A massive "Cathenge" is being unveiled in San Francisco with glowing feline monoliths

This outcropping of cat stones is a mysterious sight.

Erika Mailman
Written by
Erika Mailman

It's epic, it's timeless, it has pagan's CATHENGE! Wait, what?

This incredible multi-sensory "Sound-Light Sculpture" installation is now installed in Patricia’s Green in San Francisco's Hayes Valley. The work of art by David Normal was previously inaugurated at Burning Man (2019 and 2021). Patricia's Green often hosts pieces from the playa afterward. Brought here by the San Francisco Arts Commission, "Cathenge" is a feat of 3-D printing, with six colossal nine-foot feline figures—cat meets monolith. (They're also called 'Catoliths.')

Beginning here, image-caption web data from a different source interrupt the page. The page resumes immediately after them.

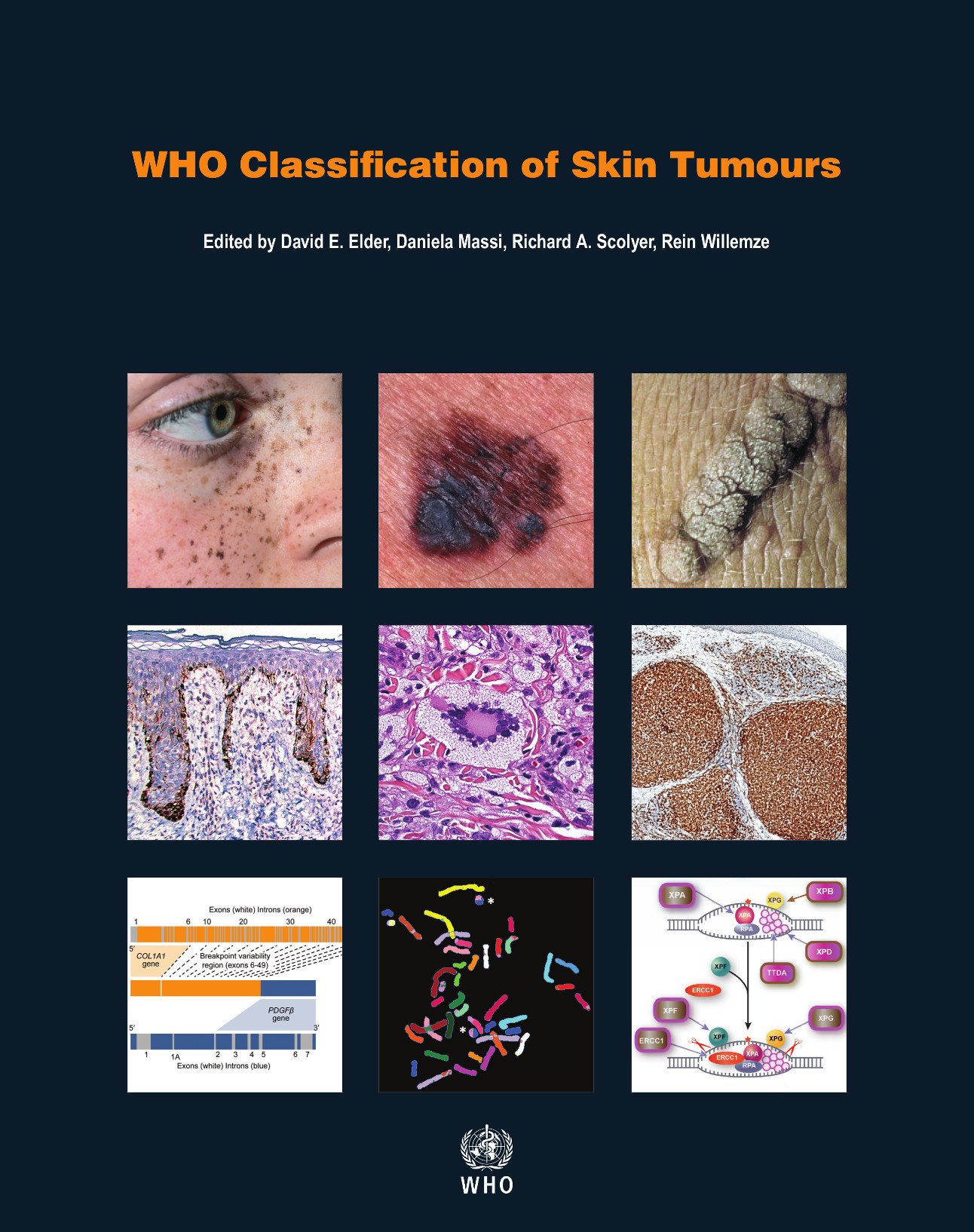 who-classification-of-skin-tumours-who-classification-of-tumours-volume-11-world-health-organization-classification-of-tumours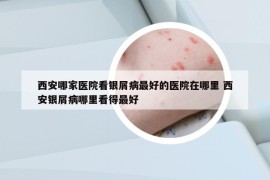 西安哪家医院看银屑病最好的医院在哪里 西安银屑病哪里看得最好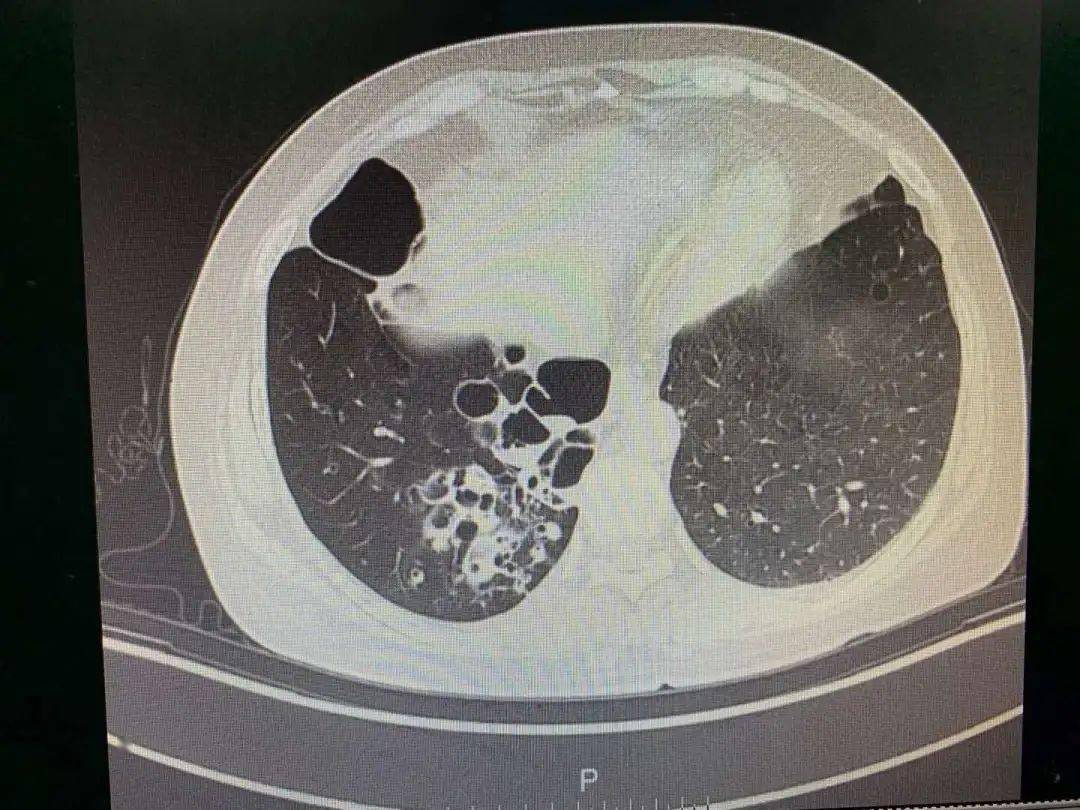 支气管镜:右肺下叶管口见少量白色分泌物,双肺支气管形态正常,粘膜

Cathenge will be around for free viewing for a year—the ribbon cutting happens 6-10pm on Dec. 2. The installation also includes a sound component that is activated by the motion of the viewer. The cats glow serenely at night with blue and purple hues. Wearing black choker necklaces, they are evocative of Siamese cats with a 1960s vibe. There's also a space/alien feeling with these otherworldy beasts. In fact, the podium each sits on is "decorated with laser cut space cat themed motifs and metallic gilding," according to the arts commission.

The ribbon cutting and art reception is part of the Hayes Valley Holiday Stroll which also includes a cat priestress fashion show. When Time Out spoke with Normal, he was working on more laser cut space cat stencils to adorn the pedestals and paused (paw'sed?) to explain that the sound component issued by the installation is harmonic purring.

"It's a soundbath of holofelinity, which is universal cat consciousness," says Normal. "The soundbath uses tones of Gregorian chanting with intrinsic healing depth that resonates and vibrates metaphysical layers of one's being."

And...why cats? "Because as Leonardo da Vinci said, 'All cats are beautiful.' Beauty is the intersection of compassion and awareness, and cats express deep empathy with humans," says Normal. "When they dream, they're using their minds to affect the world around them."

Sounds like this is an art installation that shouldn't be missed.